Now, we describe the various methods used for Non-destructive testing are as follows:

• X-Ray radiography
• Gamma radiography
• Magnetic particle inspection
• Ultrasonic testing
• Liquid penetration test
• Electrical method
• Damping

X-RAY RADIOGRAPHY

           Radiography technique is based on exposing the components to short wavelength radiations in the form of X-Rays, Gamma rays and radio-isotope welds. This method is used to check internal cracks, shrinkage cavities, slag inclusions, defects in materials and welds. These defects are of special importance designed to withstand high temperature and pressure employed in power plants, atomic reactors, pressure vessels and oil refining equipment; because they cause stress concentration which may frequently lead to part failure. Nowadays, radiography techniques are finding more extensive applications in the field of physical metallurgy and in the treatment of various diseases.

           Rays are absorbed by the materials through which they are passed in the proportion of their density. The rays, after passing through the components, show a picture on a fluorescent screen or on a photographic plate.
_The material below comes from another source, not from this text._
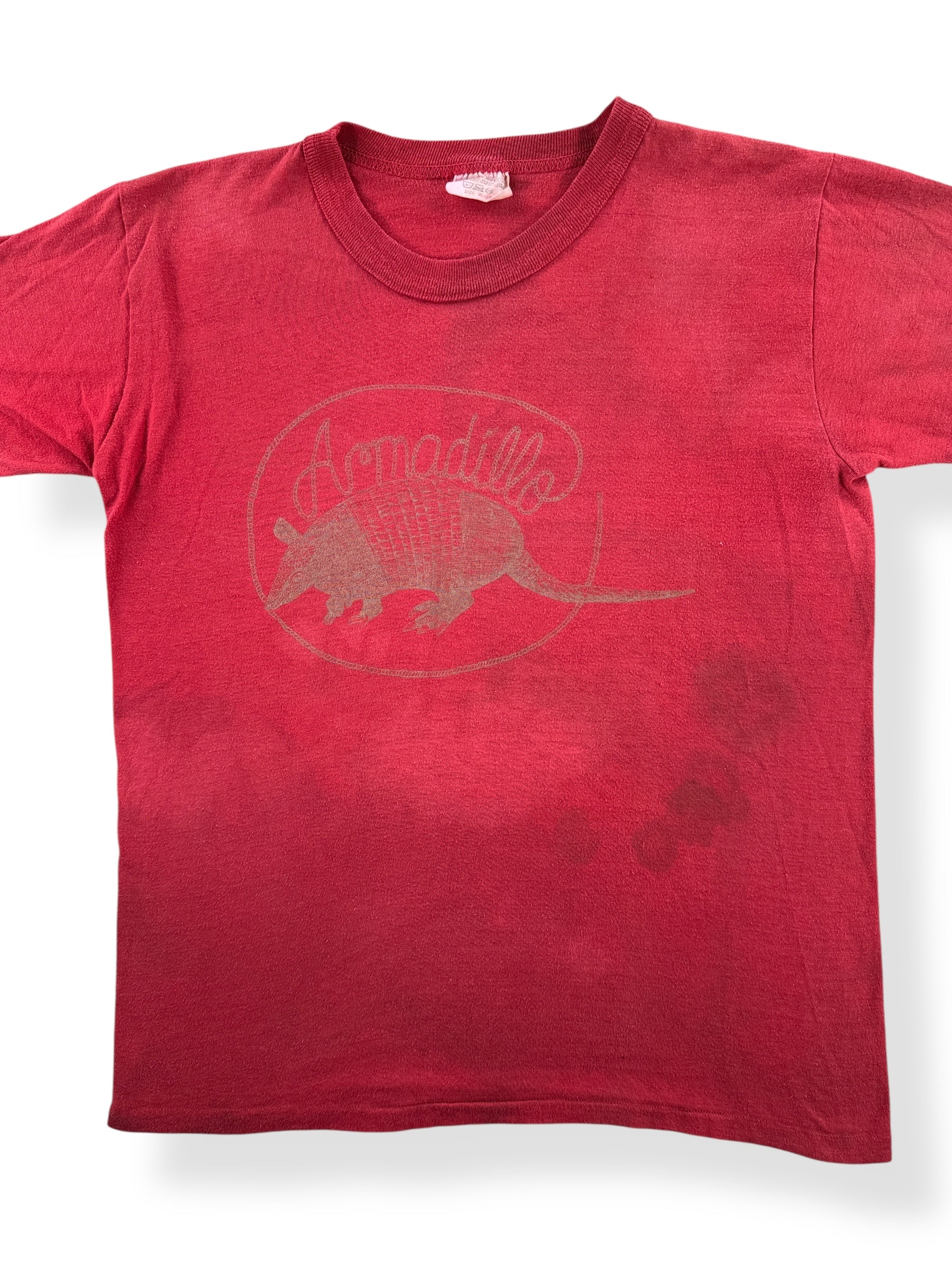 Front Close Up of Vintage 70s Faded Armadillo Tee SZ S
The cracks, blow holes and cavities appear lighter, where as inclusions of impurities appear darker than the metal component. Developed photographic film show lighter and darker areas to represent the radiograph of defects in the component.
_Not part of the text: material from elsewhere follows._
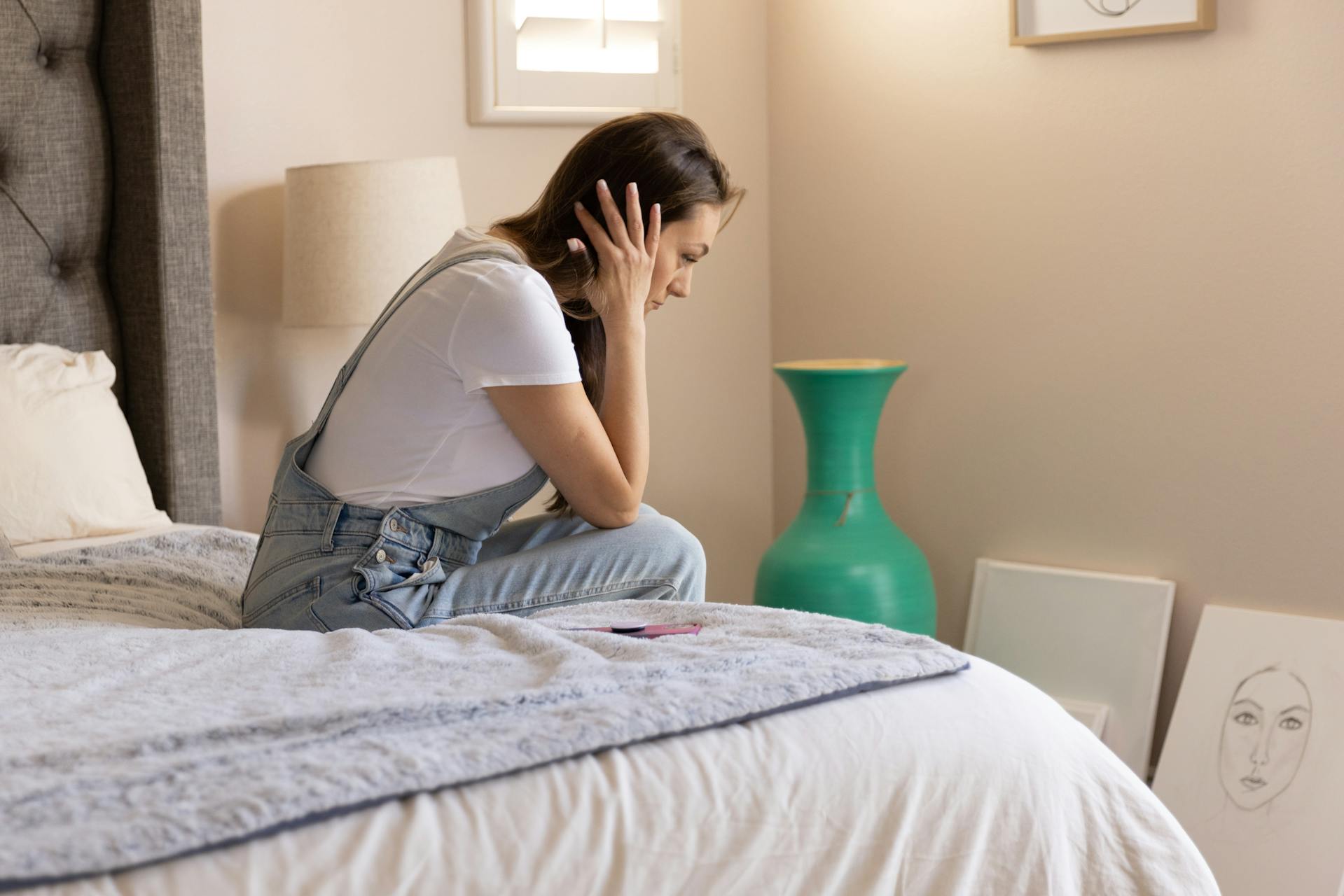 Una mujer frustrada sentada en la cama | Fuente: Pexels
                  In X-Ray radiography, the portion of the casting where defects are suspected is exposed to X-Rays emitted from the X-ray tube. A cassette containing X-ray film is placed behind and in contact with the casting perpendicular to rays. X-rays after allowing through the blow hole in a casting, will be absorbed to lesser extent than X-rays which allowed to pass through sound metal, therefore, film appears to be more dark where defects are in line of X-ray beam. The exposed and developed X-ray film showing light and dark areas is termed as Radiograph. X-rays are useful only for small thickness material as their penetration power is less than that of gamma rays.